The Need for this “Nehemiah Transformation” Program
In Zip Code 60612, a serious need exists in 2010 (as it was in 2009) for grass-roots social intervention programs to stimulate business growth and create community-based jobs, combat school delinquency and dropouts, eliminate drugs and gang violence, and foster new meaning and hope to lives of at-risk persons, particularly African-Amercian children and young adults, living in a Federal Empowerment Zone, Renewal Community and/or Enterprise Community.

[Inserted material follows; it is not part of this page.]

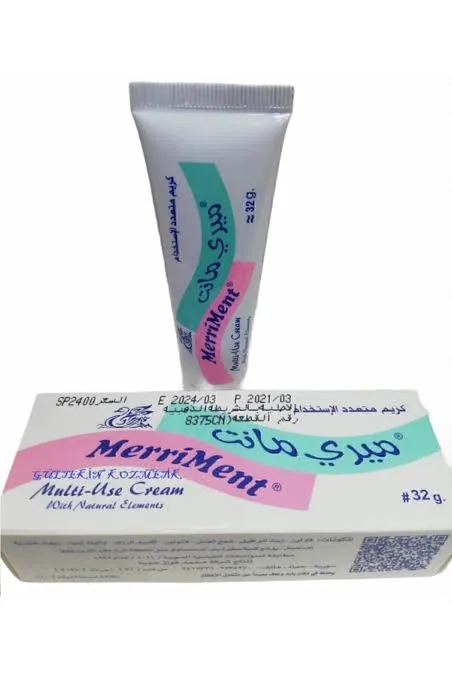 Merri ment multi-use cream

A case in point: this area is one of the main intra-neighborhoods-merging points where youth gang-related violence and drug activity occurs on some of the street corners day and night. Moreover, Interpersonal violence and drug/alcohol use by youth in this area is a regular, nearly obsessive topic of discussion in barbershops, churches, street corners, pool halls, on radio talk shows, in taverns, and at family dinner tables. One of the most prevalent visible forms of violence, evidenced by a rise in the premature death many children and youth between the ages of 10 and 20 years, takes place right on the school grounds or on the sidewalk outside a victim’s home.
What happens outside of Zip Code 60612 in the manner of “gang activity” has a profound impact on the sensitivities and reactions take on a variety of forms: verbal, psychological, and sexual forms of assualt, gang violence, bullying, gender harassment, and the use of children by grown adult criminals to do their dirty work. Peer pressure also introduces young individuals to alcohol and drug abuse and bullying, making these individuals susceptible to violence.
To make matters more troublesome, Juvenile Justice Courts in Chicago are overwhelmed with cases, and clogged to the point of ineffectiveness. A staggering 70 percent of all juvenile cases are being dismissed due to lack of prosecutorial resources. This type of revolving door justice fosters cynicism about the court, makes the public and crime victims mad, and teaches young people that justice is a joke.
Since an estimated 37.5% of the residents of Zip Code 60612 (factoring in Juveniles of all ages with their family members) live below the poverty level, and with an increasing concentration of poverty level, and with an increasing concentration of poverty projected for 2011 thru 2015 due to bad economic times and job loss, this concentration leads to a lack of role models and supportive institutions for young people. The problems of a lack of role models, especially for African-American male youth, is exacerbated by the high numbers of female headed households where a father is not regularly present.